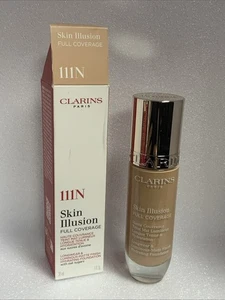 Clarins Skin Illusion Full Coverage Foundation Matte Finish Shade 111N New - Picture 1 of 4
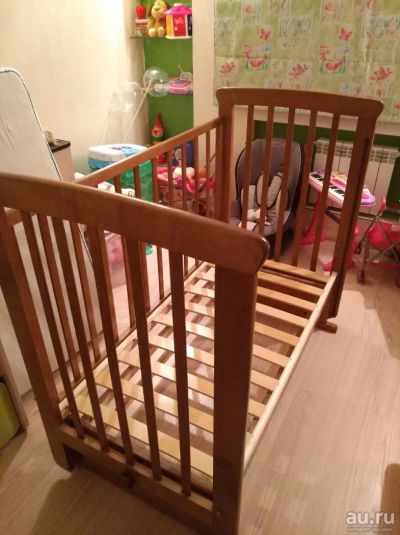 Лот: 12803035. Фото: 1. Детская кроватка. Детские кровати и кроватки
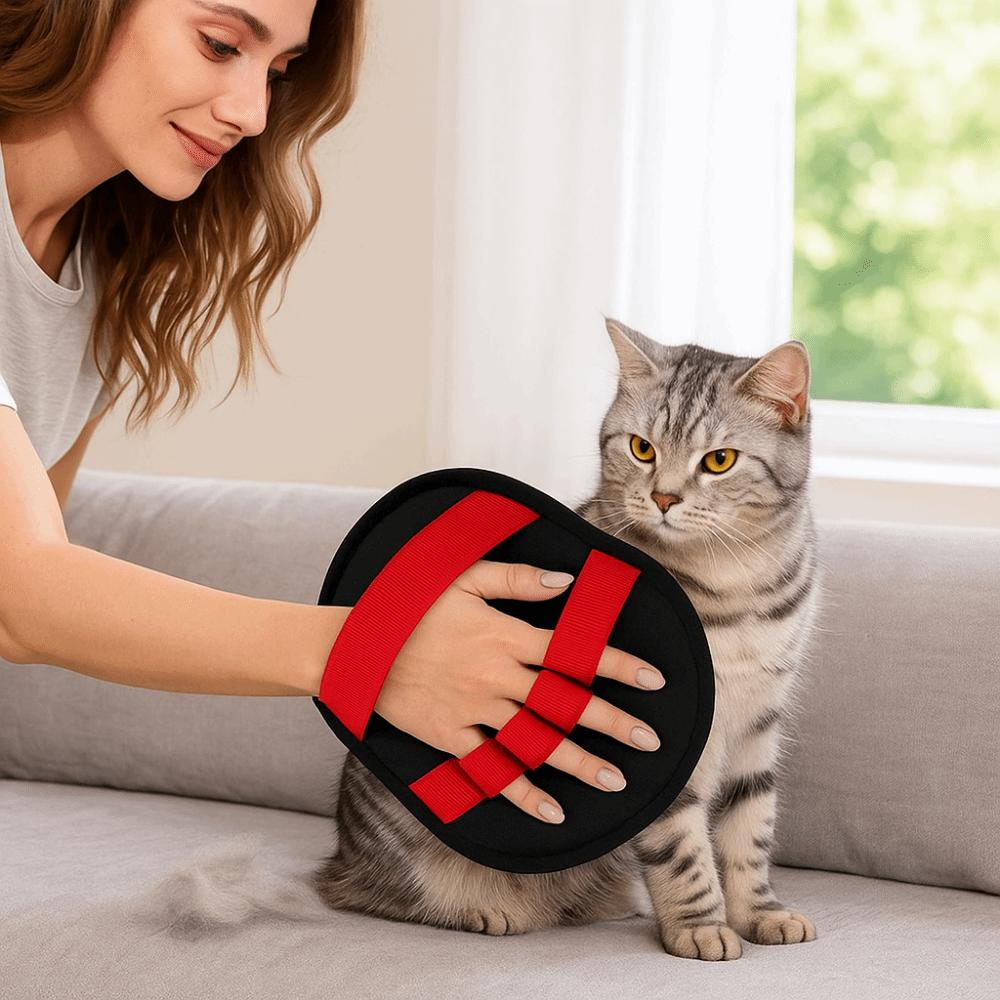 Cloth Pet Hair Removal Glove Hangable Electrostatic Cleaner 5-Finger Grooming Cleaner  Car Seat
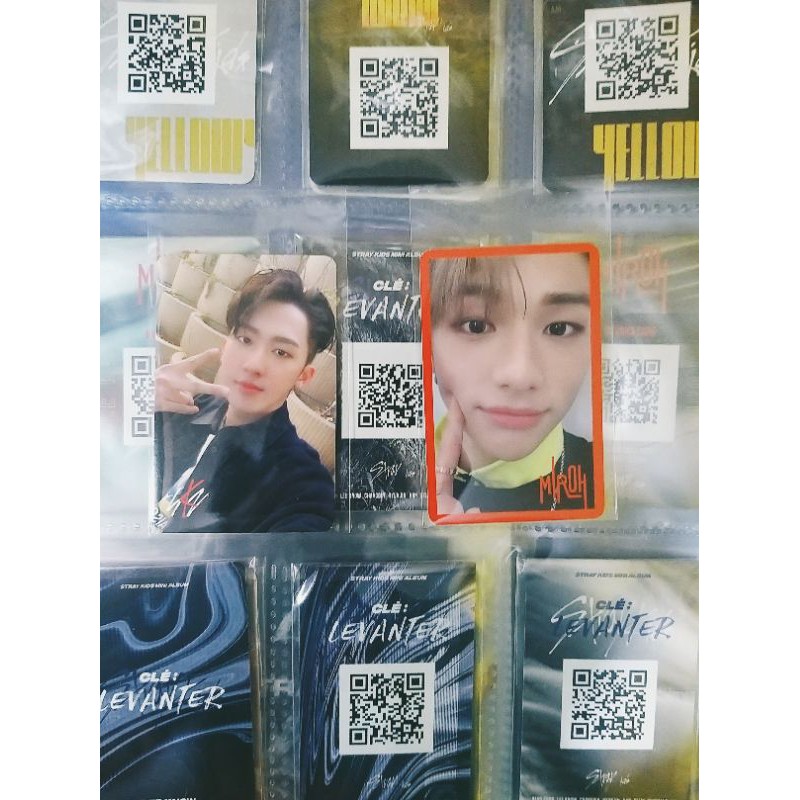 Photocard Hyunjin Red Border Miroh & Changbin SKZ Logo Miroh Stray Kids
•••
_Work instruction_: Starting at the line that holds "Cloth Pet Hair" and stopping at the last line of the listing above, write out each line exactly as it appears, and omit the pictures.

_Task result_:
 Cloth Pet Hair Removal Glove Hangable Electrostatic Cleaner 5-Finger Grooming Cleaner  Car Seat
 Photocard Hyunjin Red Border Miroh & Changbin SKZ Logo Miroh Stray Kids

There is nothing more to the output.